Porque o PS se tornou hegemónico. O PS manda em tudo. Nada se faz em Portugal contra a vontade do PS; mesmo quando não está no governo, o PS está sempre no poder. Entre outras benfeitorias, o PS é responsável pelo crescimento, pela força e pela influência que a extrema-esquerda foi ganhando ao longo do tempo e ainda tem no Portugal de hoje em dia. O PS deixou crescer a extrema-esquerda deliberadamente, para se poder servir dela. Para poder formar com ela maiorias parlamentares (como se viu em 2015). Mas não só por isso. Também a deixou crescer para criar uma determinada percepção política. Enquanto as várias versões de comunismo andarem pelas universidades, pelos jornais, pelas “artes” e pelas televisões, a exibir o seu radicalismo, o seu extremismo e o seu absurdo, o PS aparece, por contraste, como o partido equilibrado, sensato, o partido “de Estado” que vai pôr a extrema-esquerda na ordem.

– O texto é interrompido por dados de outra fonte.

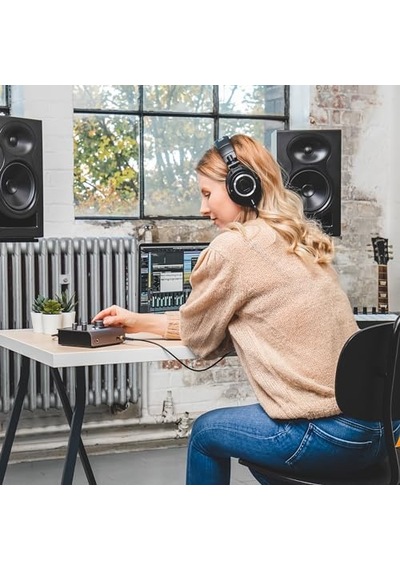 Ses Arabirimi İd4 Mkıı, Class A Konsol Mikrofon Ön Amplifikatör Yüksek Hızlı Usb-c, Monitör Karışımı Ve Monitör Panning Fonksiyonu, 2 Kulaklık Çıkışı, Mac/pc/Apple İos Uyumlu , Siyah, İd Mkıı Ses Arabirimi İd4 Mkıı, Class A Konsol Mikrofon Ön Amplifikatör Yüksek Hızlı Usb-c, Monitör Karışımı Ve Monitör Panning Fonksiyonu, 2 Kulaklık Çıkışı, Mac/pc/Apple İos Uyumlu , Siyah, İd Mkıı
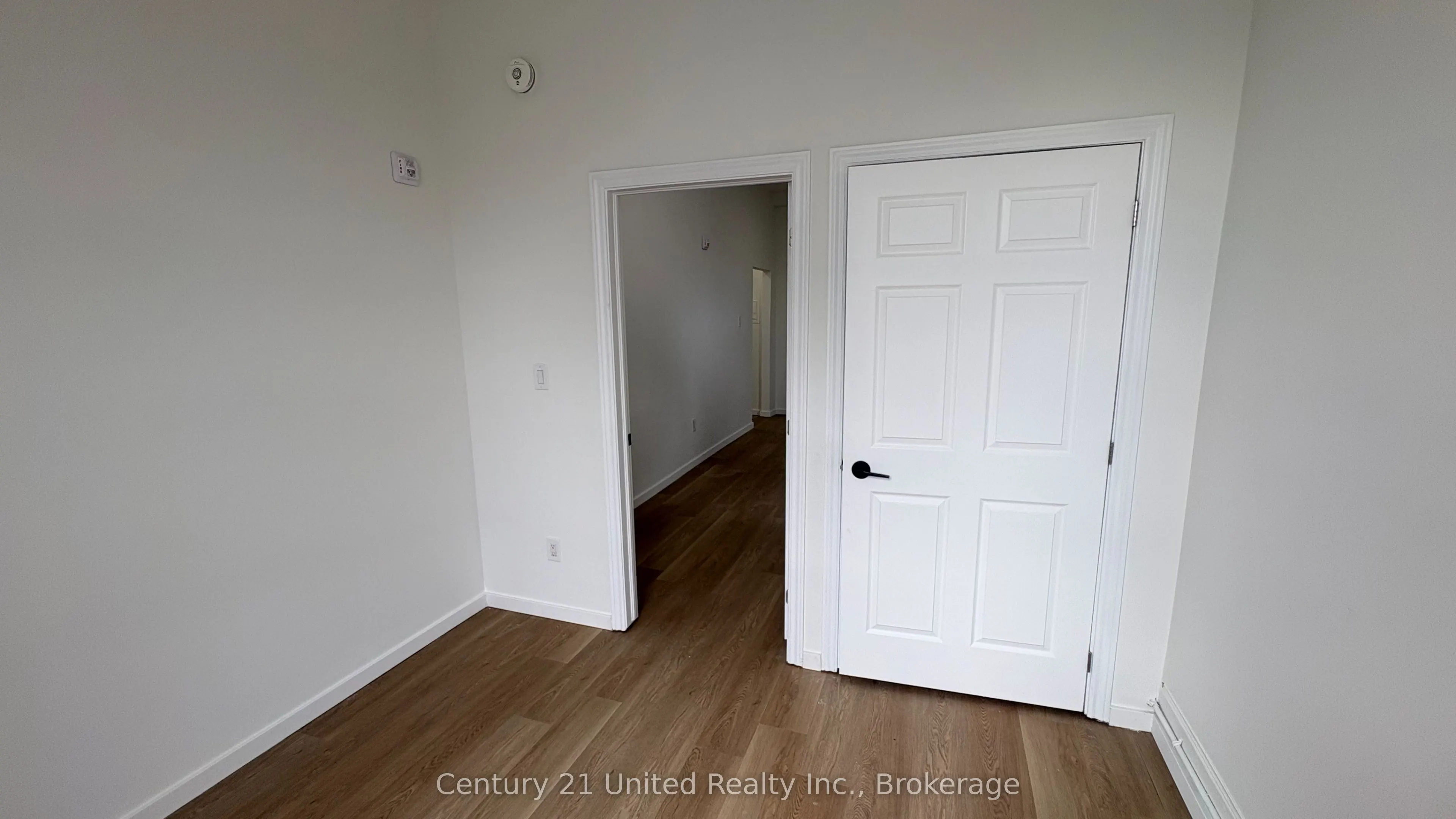 172.5 Hunter Street W #9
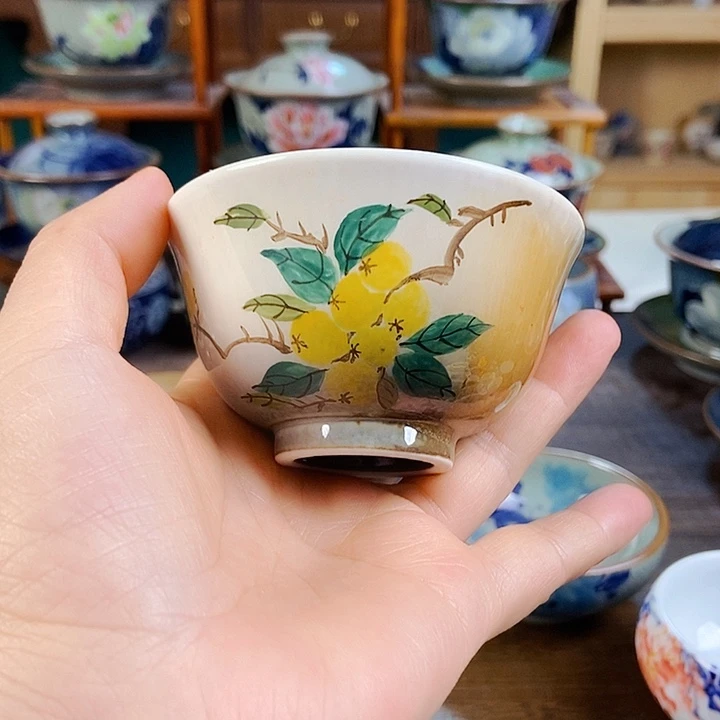瓷片手工制作工艺精湛等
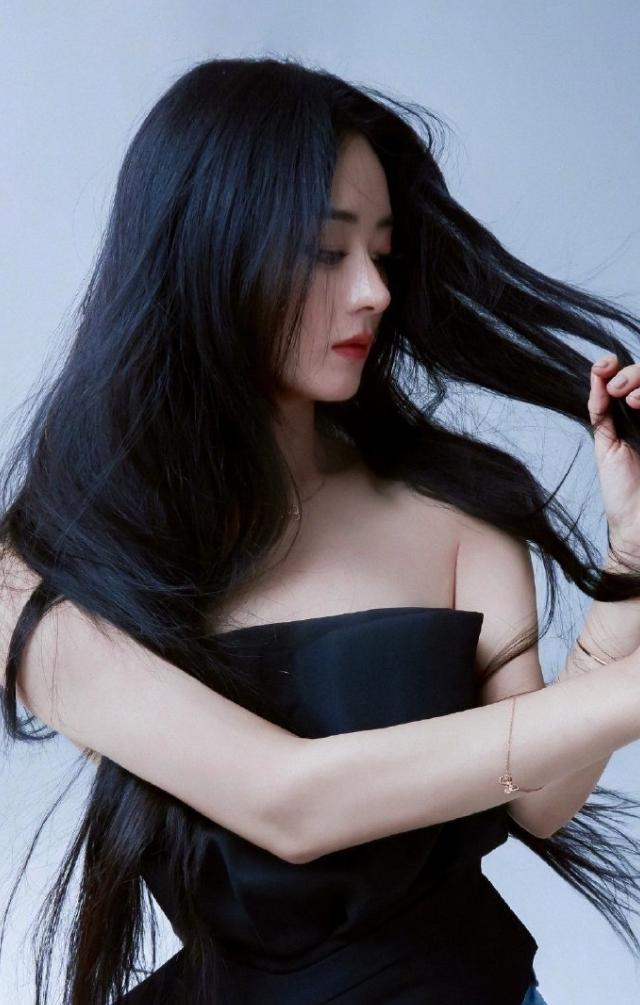 赵丽颖的路人缘确实强大！赵丽颖粉丝和张凌赫粉丝这两天有点摩擦，起因是张凌赫和杨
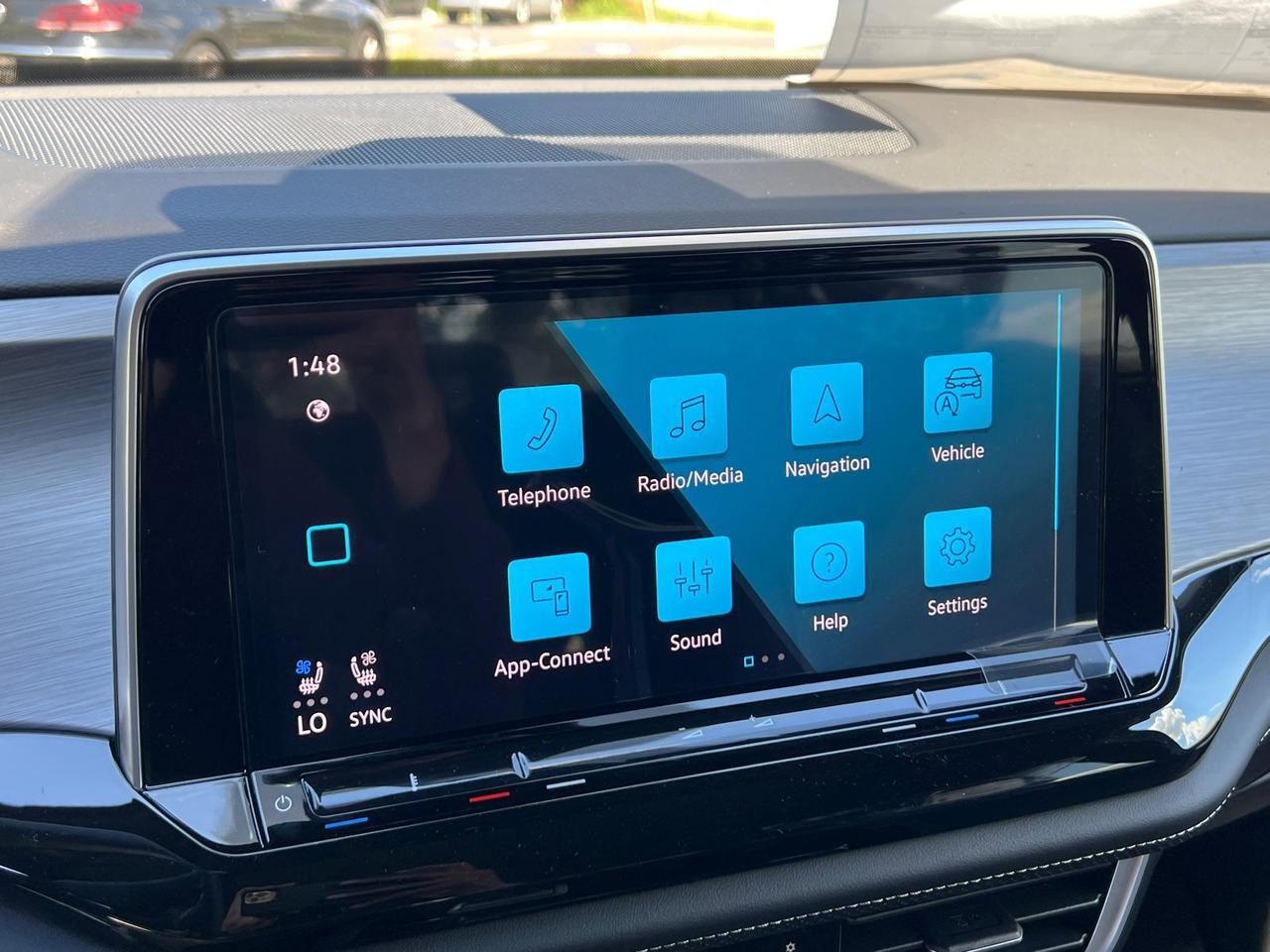 2026 Volkswagen Atlas Cross Sport 2.0T SE w/Technology Hagerstown MD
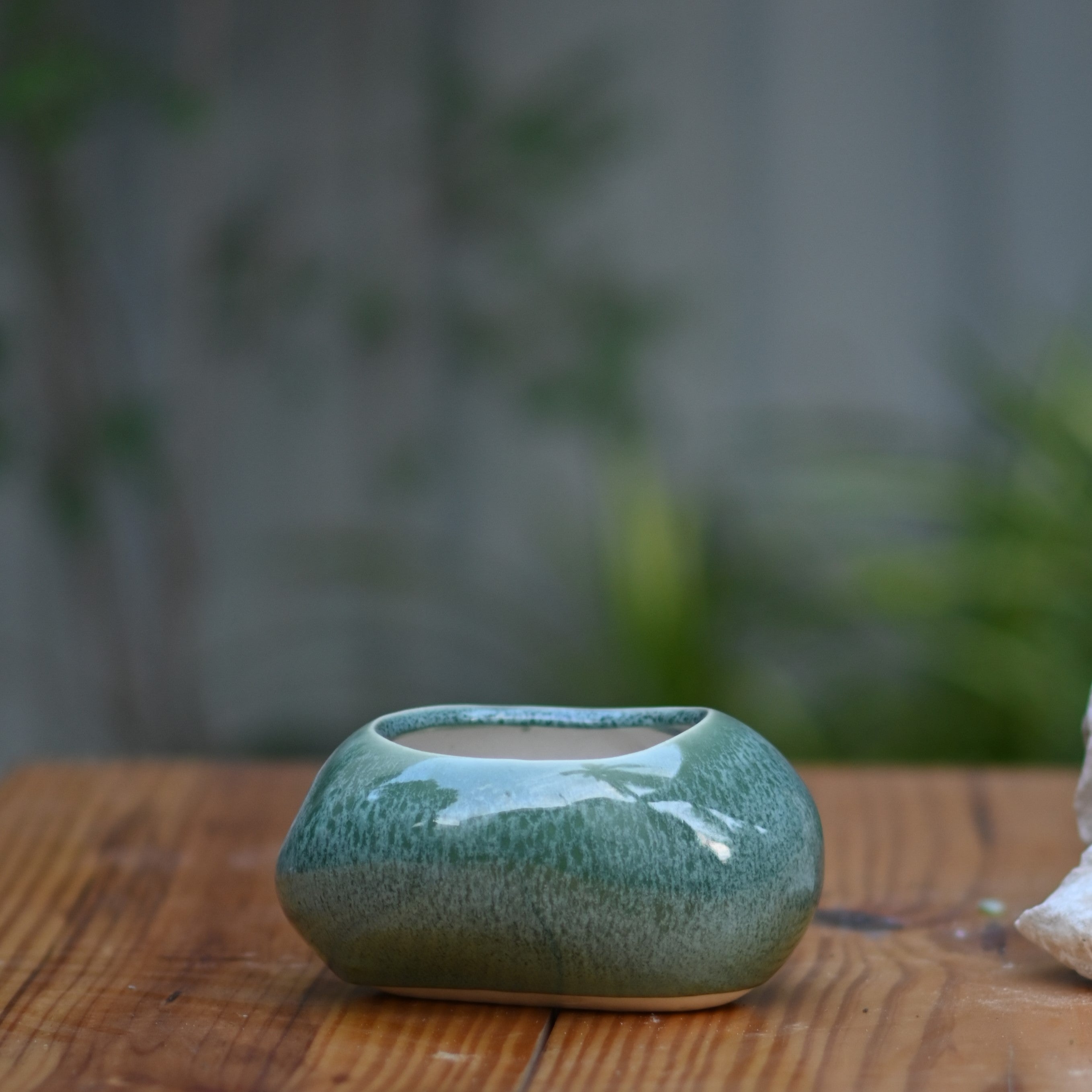 Ceramic Pebble Pot/Planter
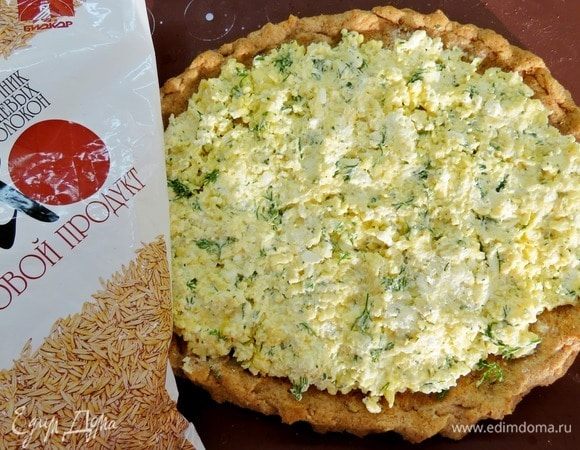 Выложить начинку на тесто, не заходя за бортики. Запекать в разогретой до 180°С духовке около 20–25 минут. 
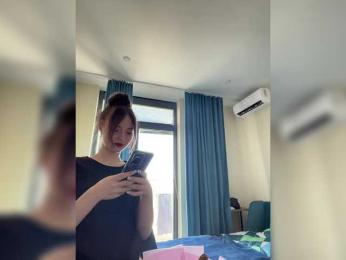 OlivkaVif — Bongacams recorded stream screenshot (08 Mar 2025)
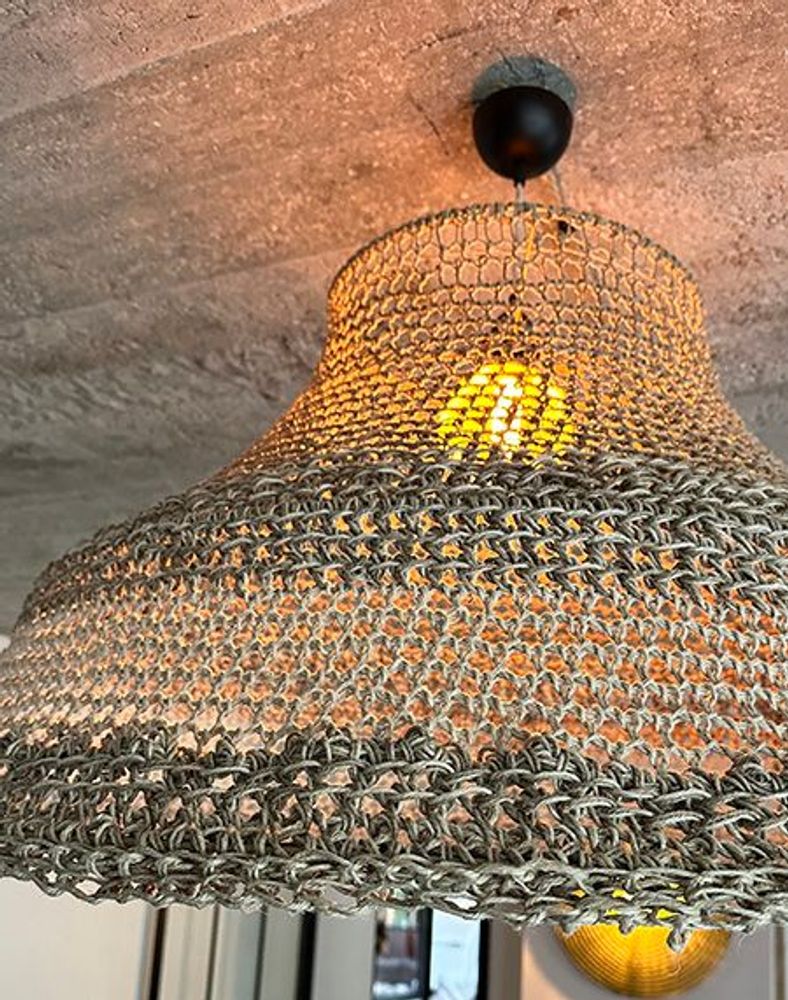 Aménagements pour bureau - Luminaire HELOISE en corde de lin et chanvre livré avec monture électrique - ADELE VAHN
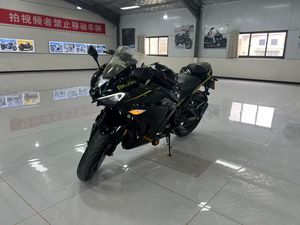 Xiao Ren Zhe V6 <span class=keywords><strong>200</strong></span> - Moto d'occasion à deux roues à essence - Moto de rue - Finition d'origine - Garantie de qualité - Product Image 3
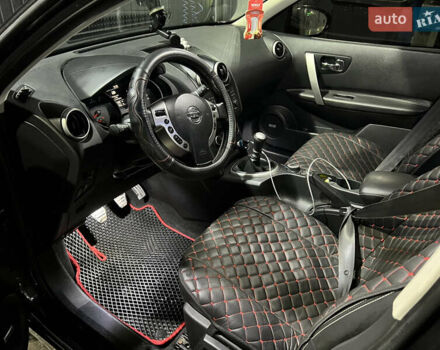 Черный Ниссан Кашкай 2, объемом двигателя 2 л и пробегом 237 тыс. км за 11500 $, фото 8 на Automoto.ua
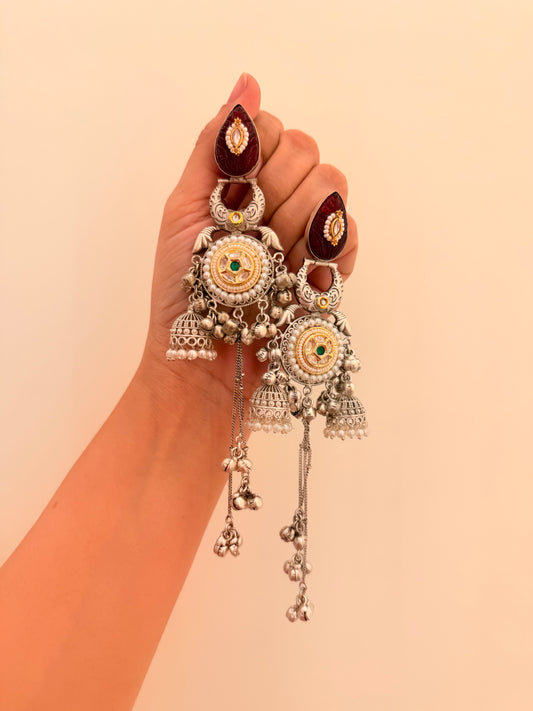 Noorvi Tassels Maroon Stone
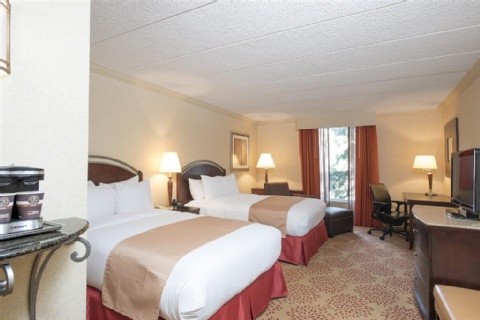 DoubleTree by Hilton Grand Rapids-Airport , MI 49512 near Gerald R. Ford International Airport View Point 14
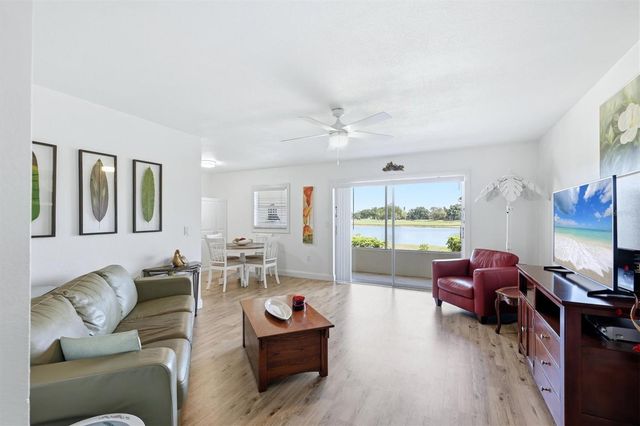 7271 W COUNTRY CLUB DRIVE N 122, Sarasota, FL 34243
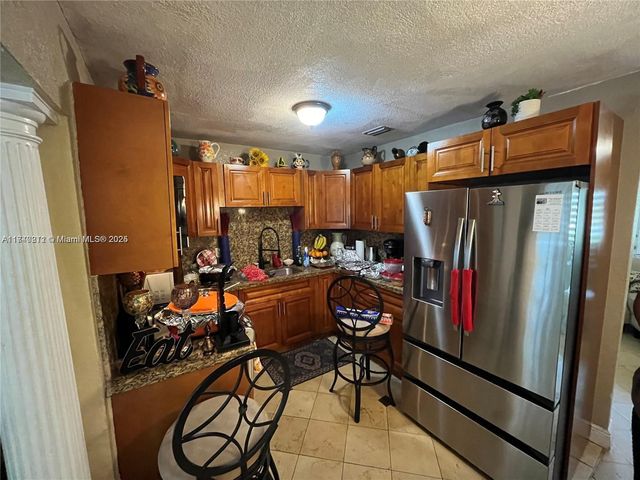 800 NW 176th Ter, Miami Gardens, FL 33169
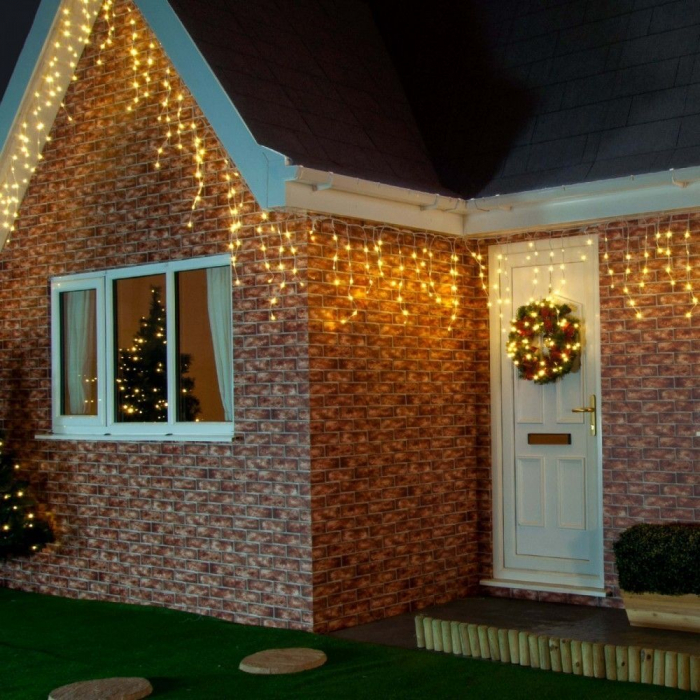 Instalatie exterioara tip franjuri V8 - alb cald, interconectabila, 120 led, 5.5 x 0.6 m, fir verde [1]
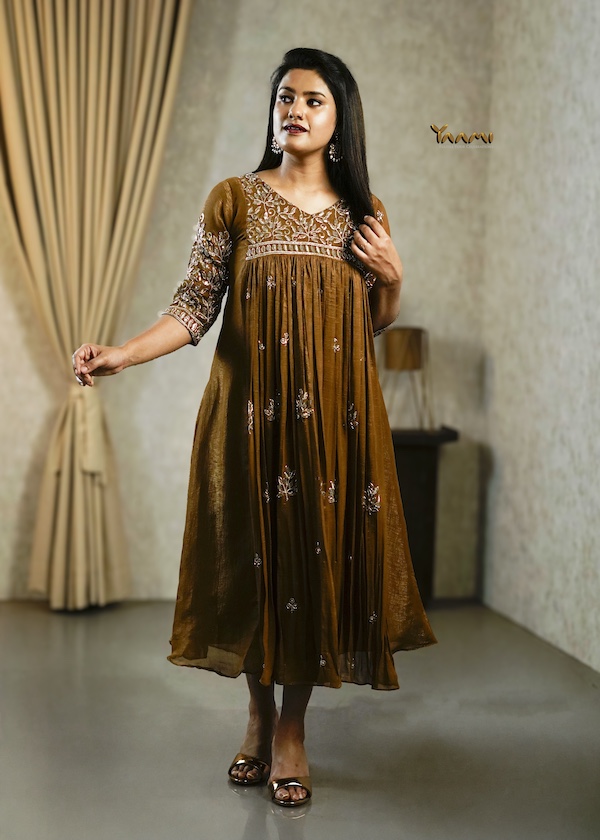 EMBROIDERED YOKE GATHERED CRUSHED TISSUE KURTHI YD10339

A única maneira de livrarmos Portugal da pobreza e do atraso, ou seja, do PS, e de toda a tralha esquerdista que o PS arrasta com ele, é com um projecto de poder à direita. O primeiro gesto é identificar o PS como o grande obstáculo português. E depois é preciso contar com a direita toda, sem qualquer espécie de “linhas vermelhas” ou “cordões sanitários” de moralidade política. Neste momento, a linha vermelha tem de estar desenhada nos pés do Partido Socialista; e, à direita, os partidos vão ter de arranjar um modo de se entenderem. Não há outra maneira de vencer esta instalação poderosíssima.

Por outro lado, não se vence o PS e a esquerda sem desmontar as ideias do PS e da esquerda; este é o primeiro ponto que a direita deve compreender – tem essa obrigação – em vez de andar de chapéu estendido atrás das ideias da esquerda, à espera de se ver reconhecida e obter um carimbo de democraticidade que, de resto, os partidos da esquerda acabam por nunca lhe dar.